Warunkiem udzielania owego aktu ma być „otwarcie na życie w łasce Bożej, perspektywy na dalszy jego rozwój oraz pragnienie świętowania Eucharystii”, o czym ma zaświadczyć wyznaczony przez biskupa misjonarz miłosierdzia.
„Trwały akt miłosierdzia”
„Trwały akt miłosierdzia” to formuła wymyślona dla przypadków, w których nie ma możliwości przeprowadzenia procesu o uznanie nieważności małżeństwa lub gdy proces taki jest możliwy, lecz nie prowadzi do stwierdzenia nieważności. Innymi słowy dotyczy osób, których związek małżeński jest nadal ważny pomimo rozwodu cywilnego. Jeśli od rozwodu upłynie pięć lat, osoby takie mogą się zgłosić wraz z nowym partnerem do jednego z czterech diecezjalnych misjonarzy miłosierdzia (jednym z nich jest polski paulin, o. Bogdan Stępień), który przynajmniej przez rok, na co najmniej czterech spotkaniach, przeprowadzi wraz z nimi rozeznanie.

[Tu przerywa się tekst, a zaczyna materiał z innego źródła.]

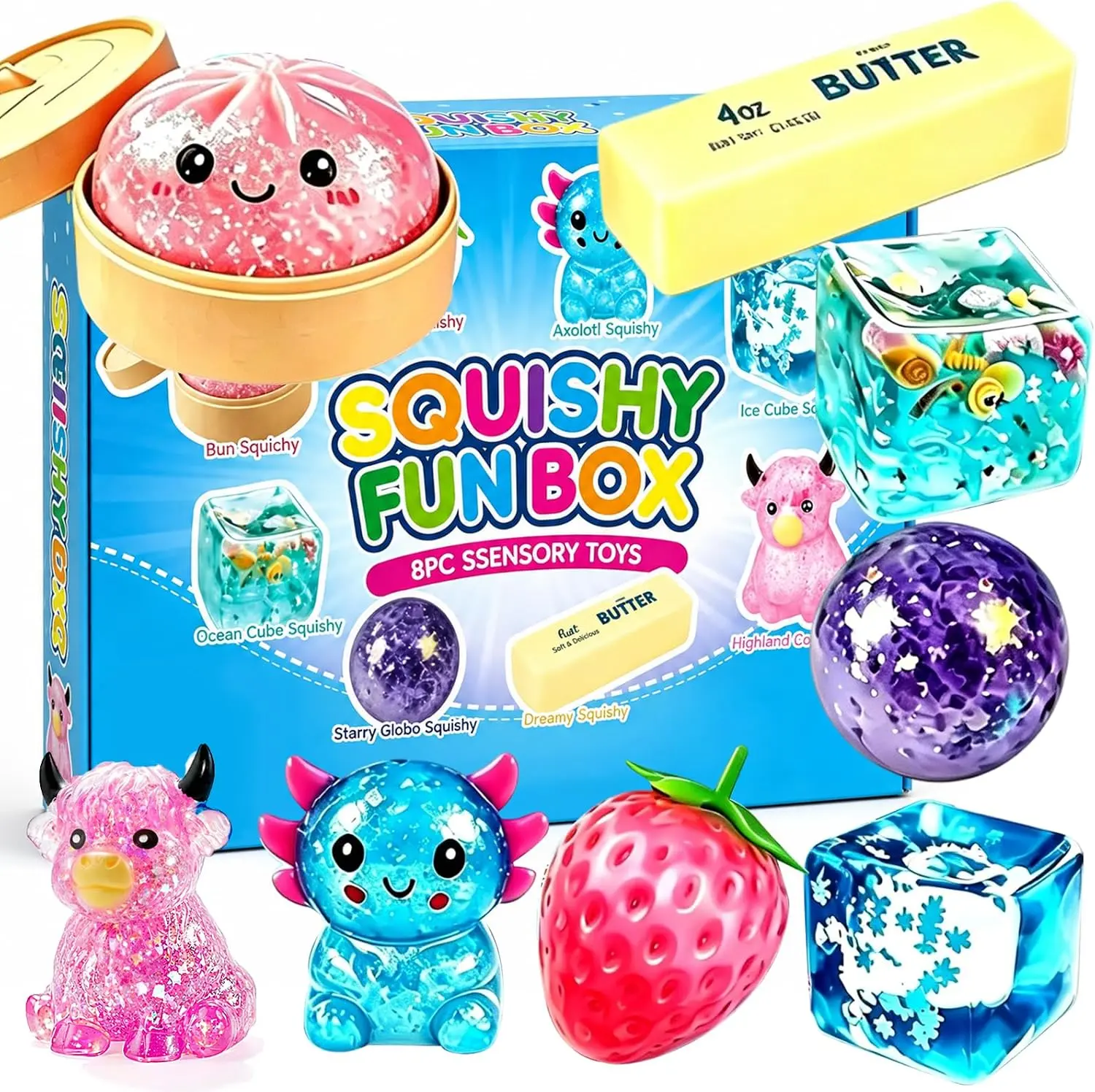 Slow Rebound Malt Sugar Squish Surprise Box 8 Count, Random Assorted Cute Styles Sensory Toy for Friends Coworker Gifts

Na jego zakończenie kapłan skieruje do biskupa pisemny wniosek o dopuszczenie do sakramentów, jeśli para spełnia wymienione wyżej warunki, albo spotka się z biskupem osobiście i wyjaśni, dlaczego za takim rozwiązaniem się nie opowiada. W takim wypadku dalsze rozeznawanie będzie prowadził z parą sam biskup. Jeśli trwały akt miłosierdzia zostanie udzielony, biskup poinformuje o tym proboszcza, aby ten z kolei przygotował na to parafię.
List do diecezjan
O nowych procedurach dla osób żyjących „w związkach nieregularnych” bp Holub poinformował diecezję w liście pasterskim. Powołuje się w nim na adhortację apostolską Franciszka „Amoris laetitia”, choć sam papież o żadnym „trwałym akcie miłosierdzia” w niej nie wspomina.